Minta Skema Power Wheeling Dihapus dari RUU EBT, Wakil Ketua MPR: Saya Tegas Menolak

Kamis, 12 Januari 2023 – 16:41 WIB
Kebijakan dan program pengembangan energi baru terbarukan (EBT). Foto tangkapan layar

jpnn.com, JAKARTA - Wakil Ketua MPR, Syarief Hasan mendesak pemerintah dan DPR untuk menghapuskan skema Power Wheeling dalam Rancangan Undang Undang Energi Baru Terbarukan (EBT).

Pasalnya, skema tersebut malah akan meliberalisasi sektor kelistrikan yang justru bakal merugikan negara.

BACA JUGA: PLN Kelola 2.06 Juta Ton Limbah Batu Bara, Ini Hasilnya

Skema power wheeling merupakan pemanfaatan bersama jaringan tenaga listrik.

Dengan skema ini, produsen listrik swasta (independent power producer/IPP) bisa menjual listrik langsung kepada masyarakat dengan jaringan transmisi dan distribusi yang dimiliki dan dioperasikan PLN.

BACA JUGA: Santri Dukung Ganjar Beri Karpet hingga Sembako ke Majelis Taklim di Pesanggrahan

"Saya dengan tegas menolak skema power wheeling masuk RUU EBT. Sebab jika klausul tersebut diloloskan, ini sama dengan liberalisasi sektor kelistrikan yang bertentangan dengan UUD 1945. Sebab listrik merupakan kebutuhan dasar rakyat yang harusnya dikuasai oleh negara," terang Syarief.

Tak hanya itu, dengan adanya skema tersebut, aset yang semestinya bisa dimaksimalkan oleh negara malah justru harus berbagi dengan swasta.

BACA JUGA: BRI Life Gelar Rakernas: Tumbuh Berkelanjutan, Tangguh Mengeksekusi

Hal ini menurut Syarief akan memberatkan PLN sebagai operator.

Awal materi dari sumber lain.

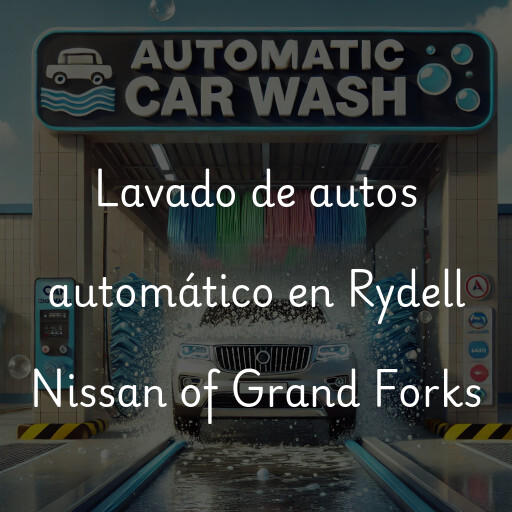 Lavado de autos en Rydell Nissan of Grand Forks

PLN merupakan BUMN yang selama ini lini bisnis utamanya adalah penjualan listrik dari investasi pembangunan infrastruktur.

Dengan adanya skema tersebut, infrastruktur yang dibangun oleh PLN memakai investasi internal maupun Anggaran Pendapatan Belanja Negara (APBN) malah justru dinikmati oleh swasta.

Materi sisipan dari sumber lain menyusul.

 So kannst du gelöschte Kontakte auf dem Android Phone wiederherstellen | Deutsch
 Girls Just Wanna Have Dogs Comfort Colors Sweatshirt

"PLN juga akan kehilangan pasarnya karena swasta bisa langsung menjual listriknya ke masyarakat," ungkap politikus Partai Demokrat ini.

Padahal, saat ini tantangan PLN adalah mengatasi oversupply. Jika skema power wheeling diterapkan, maka akan makin memperlebar oversupply.

Tak hanya kehilangan pangsa pasar, dampak dari oversupply PLN harus membayar Take or Pay, di mana selama ini TOP disubsidi oleh pemerintah.

Ini akan semakin membuat beban APBN menjadi lebih besar.

Di satu sisi, dengan kehilangan pasar, maka pendapatan PLN akan berkurang yang berdampak pada penerimaan negara berupa deviden, setoran pajak maupun Penerimaan Negara Bukan Pajak (PNBP).

"Meski berhasil diterapkan di negara lain, saya menilai skema ini belum tentu cocok diterapkan di Indonesia. Saya melihat lebih banyak mudaratnya jika kebijakan ini diterapkan di Indonesia," tegas Syarief.(chi/jpnn)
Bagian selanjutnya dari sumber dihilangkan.